ボストリッジの歌唱は、綱渡りのように人間の存在を薄氷に置く──青澤隆明さんが『ソング&セルフ』を書評

音楽評論家の青澤隆明さんがイアン・ボストリッジ著/岡本時子訳『ソング&セルフ──音楽と演奏をめぐって歌手が考えていること』を書評してくださいました。時事通信の配信で、陸奥新報(3月16日)、デーリー東北(3月17日)、島根日日新聞(3月21日)、十勝毎日新聞(3月22日)ほか地方紙各紙に掲載されています。

 歌はおそろしい。ときに存在そのものに問いかけを挑むように、聴く者のアイデンティティーを根底から揺さぶるからだ。

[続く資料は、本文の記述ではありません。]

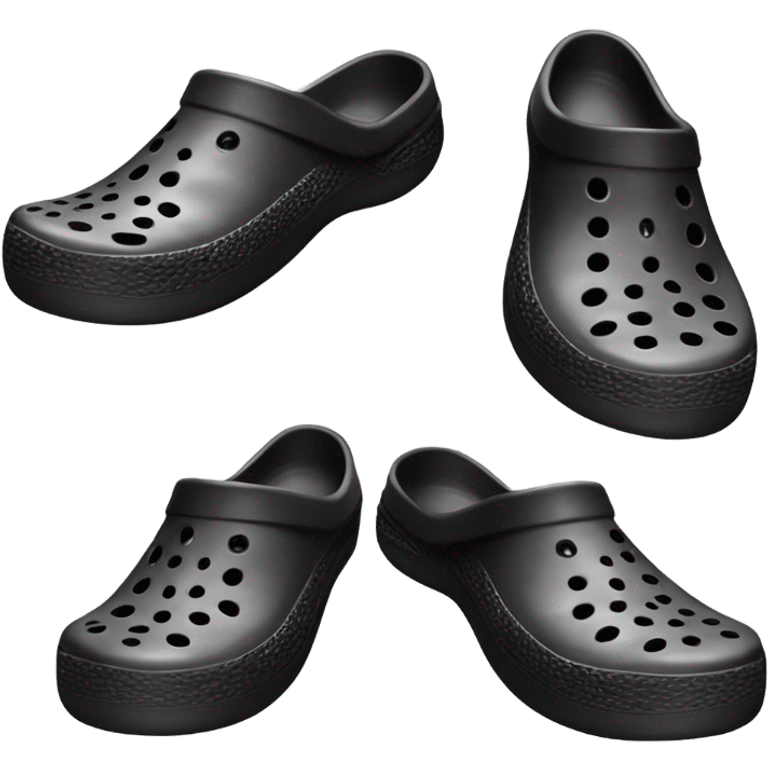 Realistic black pair of crocs shoes isolated.  emoji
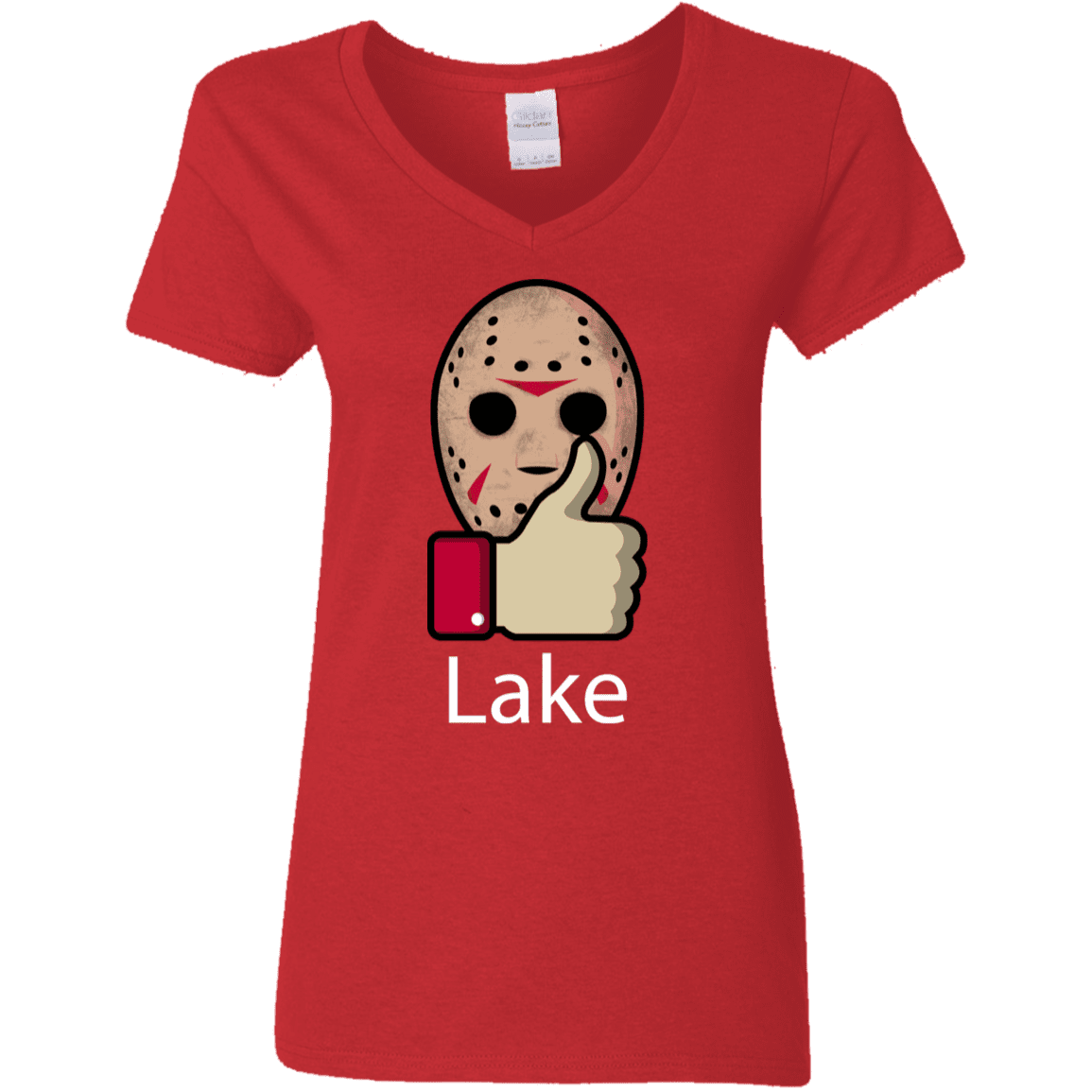 T-Shirts Red / S Lake Women's V-Neck T-Shirt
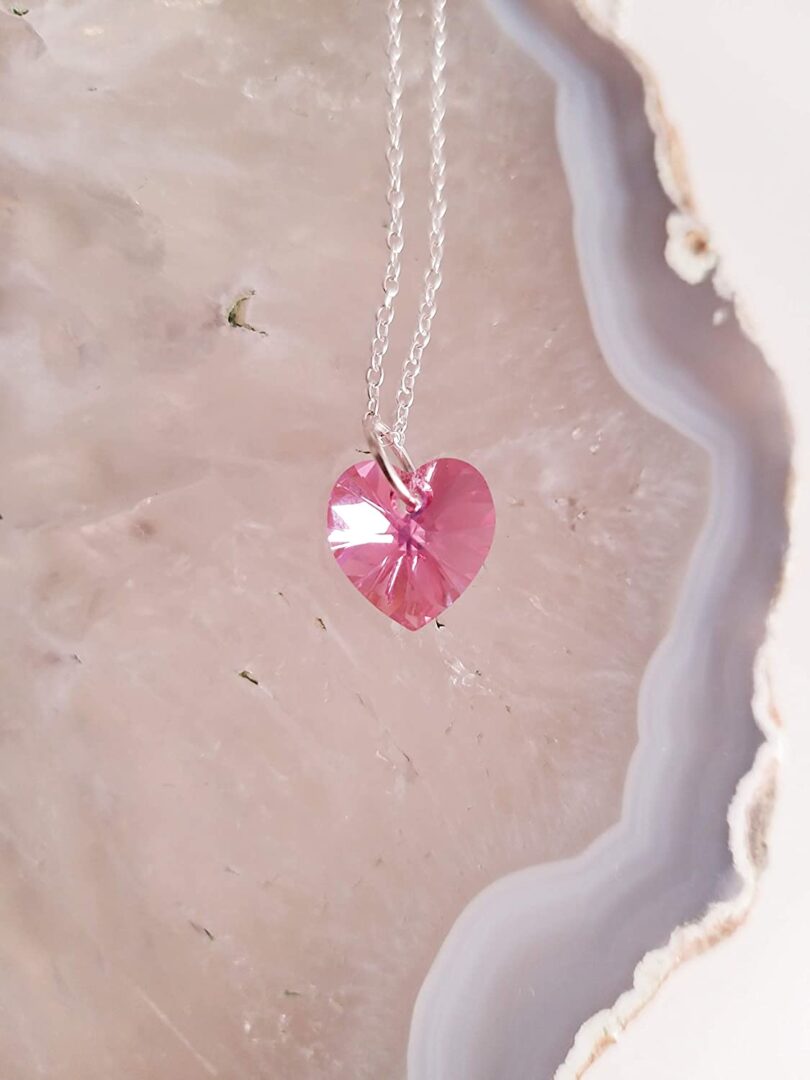 October-Libra Birthstone Heart Silver Necklace| Pink Turmouline Silver Necklace Christmas Gift | Geniune 925 Sterling Silver |Gifts for her - Image 3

 音楽化する段で、既に作曲家は詩を解釈している。作品と演奏の位相も一枚岩ではない。過去の時代に書かれた曲を生きるとき、現在からの批評的な視座も加わってくる。
 ボストリッジの歌唱は、常に存在の問いとして放たれる。自己のアイデンティティーを危険にさらすまでに作品と対峙し、聴衆と向き合うからだ。歌い手のアイデンティティーは、詩と音楽と演奏との間で引き裂かれもする。彼はその分裂や断層に鋭敏に介入し、綱渡りのように人間の存在を薄氷に置く。

青澤さんならではの詩的で哲学的な〝読み〟によって、この本の真の姿があらわになるような評文でした。